WF – The Rod of Iron is the conclusion to a trilogy that began with The People of the Sign. This final volume reaches back to the origins of mankind and the recent archaeological finds at Goebekli Tepe to answer questions about who and what we are today, and where we’re headed. This book has been submitted to the voting process with Something Or Other Publishing, and I’m about 300 votes away from the 1,000 vote target. http://tinyurl.com/V4TRoI
IDI – I voted for you! I hope you reach your goal. When did you first know that you were meant to be a writer?
WF – I don’t know that I was, but darn it, I’m going to force myself upon the world, like that Blind Melon Bee-girl. Now that I am a published author I rarely meet anyone who doesn’t believe they’ve got one good book in them, if they only had the help to bring it forth – so I guess we’re all just pregnant women looking for a competent midwife.
IDI – Give us a rundown of your writing process, beginning to finished product.
WF – The ideas simmer for ages, then I write randomly, in spurts, at first, and then under self-imposed deadlines. The basic broad brush strokes are laid down when I’m awakened at night and can’t sleep, or when I lock myself in a place away from home, and then it all gets finished in rewrites that are typically reviewed, chapter by chapter, by a hand-picked set of 3-5 fans. Their input is invaluable, not so much on plot, but on broken and missing pieces, and most importantly, I need cheerleaders to write.
IDI – Your process sounds very much like my own (and I don’t think any of us mind getting a boost from a cheerleader or two!)
Everyone has their own style/voice if they’re doing their job right, but who would you say your work most resembles?
WF – I’ve patterned my work after Robert Pirsig – of “Zen and the Art of Motorcycle” fame. There is some vague similarity to the subject matter, but it’s the way the story is told which gave me wheels (pun intended). I actually look forward to my next book, in which I’m going to try a new approach, but my trilogy owes everything to that seminal book.
IDI – In this era of the hashtag, how much time/effort do you give to social media as a means of self-promotion?
WF – Way too much. And yet it is critical. What I’m trying to do is constantly improve and find ways to build on what I learn. It’s a social school of very hard knocks, but you certainly can’t ignore it. And in the beginning fans are won one at a time.
IDI – You’re right, it is critical – and time-consuming!
Tell us, what do you feel are the biggest misconceptions new authors have about the publishing industry?
WF – I feel writers approach it in two ways. On the one hand, many view it as a lottery system, they pay their dues and
hope one day to get lucky. On the other hand you have the tortured artist vs. the evil empire syndrome. To me, the truth is in the middle. It’s a business, and Vitamin C is important. Contacts. Who you know. But emerging authors should look to mentors to guide their activities, and realize that their odds of ultimate success are relatively high, if they are willing to define success as something less than being a superstar, and are willing to approach it as though it’s the Iron Man Triathlon, vs. a 100 yard dash.

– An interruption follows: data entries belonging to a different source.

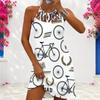 Women Plus Size Sleeveless Criss Cross Cutout Halter Neck Printed White Fitted Curved Hem Dress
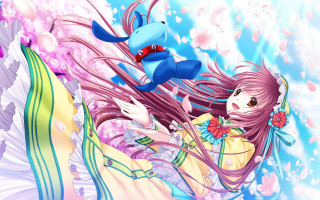 Girl blue dog flying flower - flowery free wallpaper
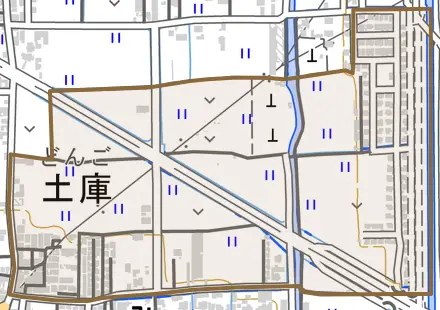 大字土庫とその周辺の地図。町の範囲を重ねている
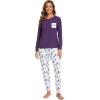GYS Bamboo Viscose Sleep Sets for Women Long Sleeve Crew Neck Pajama Sets with Pockets(Purple Dots)
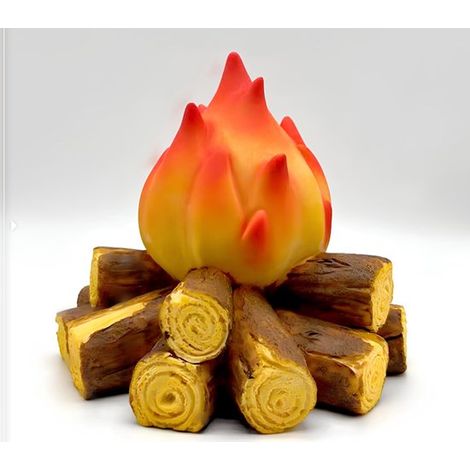 Lampe de camp LED 3D, petite lampe électrique en bois avec feu de camp, décoration pour bar, maison et jardin. (1/5)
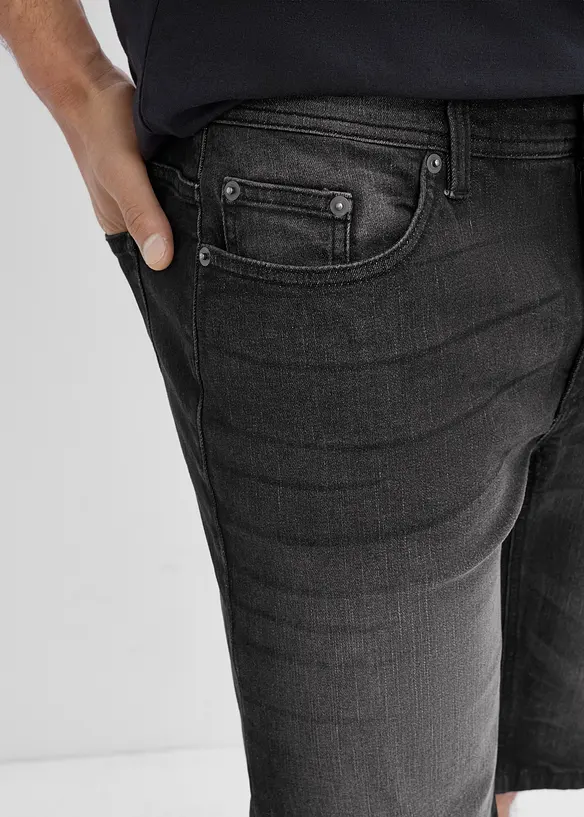 Bermuda en jean extensible avec entrejambe renforc&eacute;, regular, bonprix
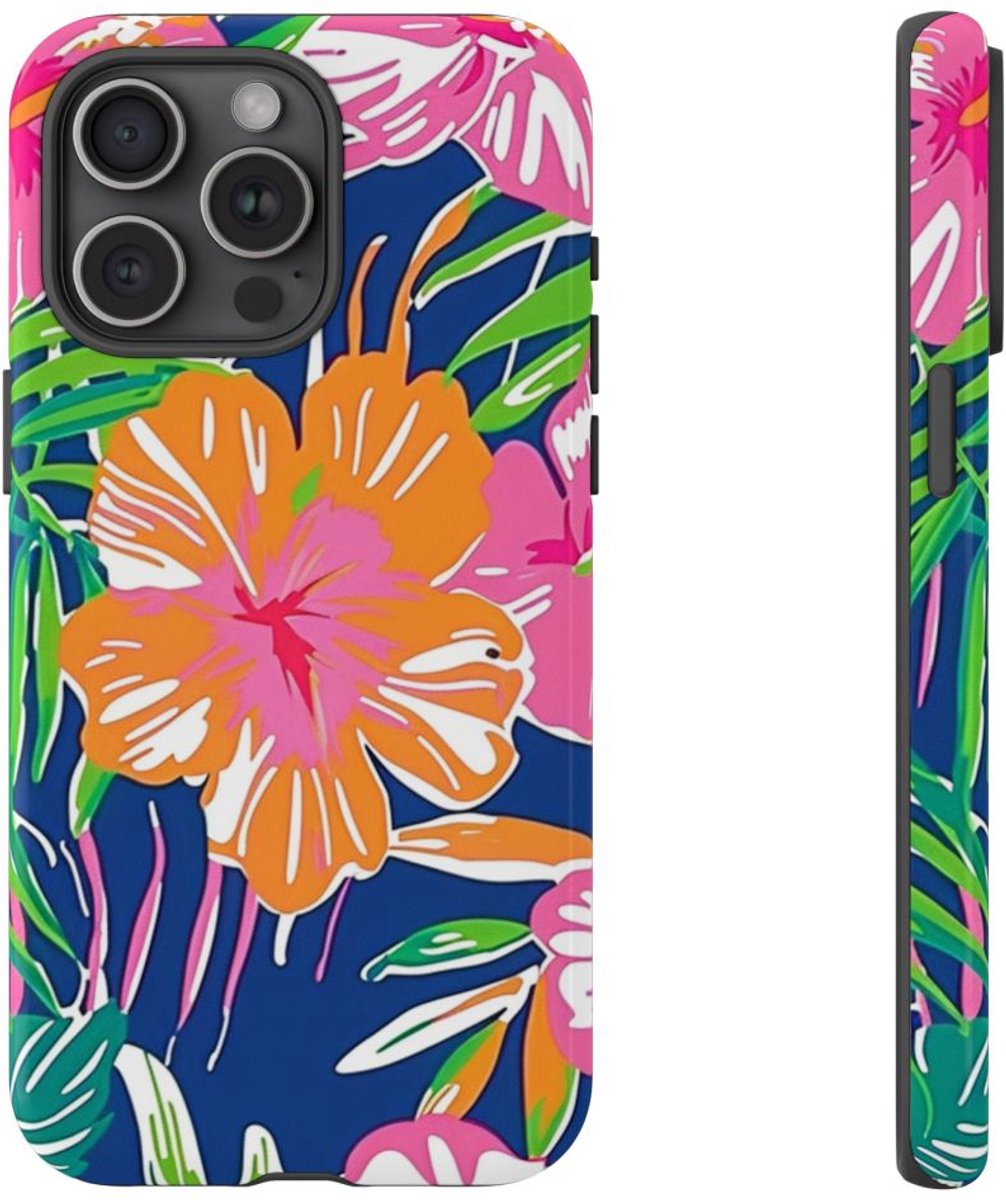 Vrolijk Tropisch Bloemenpatroon – Telefoonhoesje Geschikt voor iPhone 15 Pro Max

IDI – What is your absolute, all-time favorite book?
WF – Frank Herbert’s Dune. I’ve read that mammoth book 3 times. And though it was years ago, it had it all. Two movies later, nobody has come close to capturing 1/100th of it.
IDI – Who, in your opinion, was the best character ever written, and why?

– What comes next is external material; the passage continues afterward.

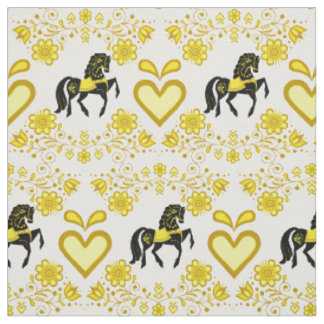 Friesian/Frisian Folk horse gold/black 4" Fabric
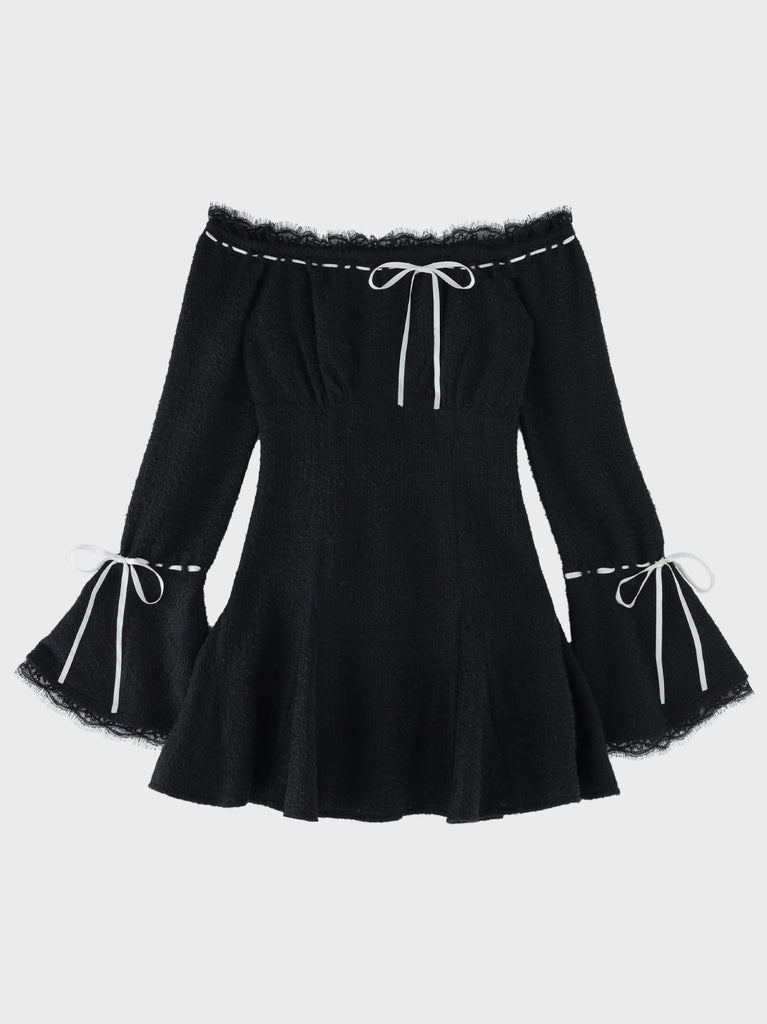 【Pre Order】Off shoulder ribbon feather knit mini onepiece(eme11123)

WF – Well, since I went with Dune I’ll go with Paul M’aud Dib – the “Dune Messiah”. He had the tragic childhood story, he was a conflicted hero, torn by great pressure and the weight of decisions, an exceptional human being in an extraordinary situation, whose entire life is determined by forces way beyond his ability to deal with them. It is these external forces that define him as an individual, and Frank Herbert creates a complex character that is flawlessly integrated into the complex universe of Dune.
IDI – He sounds interesting.
Popular music features heavily in your work. How did you decide which songs and lyrics to feature in your book?

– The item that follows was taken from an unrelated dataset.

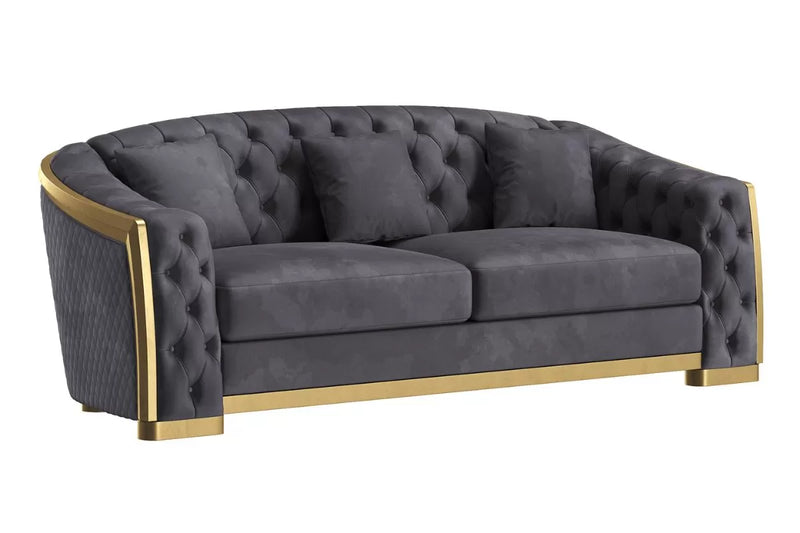 Calista Velvet 3-Piece Living Room Set With Gold Stainless Steel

WF – Music impacted my life in powerful ways. I gradually came to understand that music is a universal language of the heart. There is a lot of intellectual “stuff” in my trilogy so I knew it needed to be laced with the music to reach people in the right way emotionally, compared to telling stories about real people and events in a sensationalistic manner. Once it became clear that I could, and should, use a Beatles song title not only for the chapter titles, but every single subheading, that eliminated the need to quote Beatles lyrics, for which I probably wouldn’t have been granted permission. The lyrics that did present themselves to me I consider a gift. Then I ended up having to erase key pieces when I failed to obtain publishing rights – thankfully I got a few critical ones. There’s a tip for new writers, start the process of obtaining rights early.
IDI – I’ve never had to obtain publishing rights for music, but I’ve always thought it wouldn’t be nearly as easy as some might think.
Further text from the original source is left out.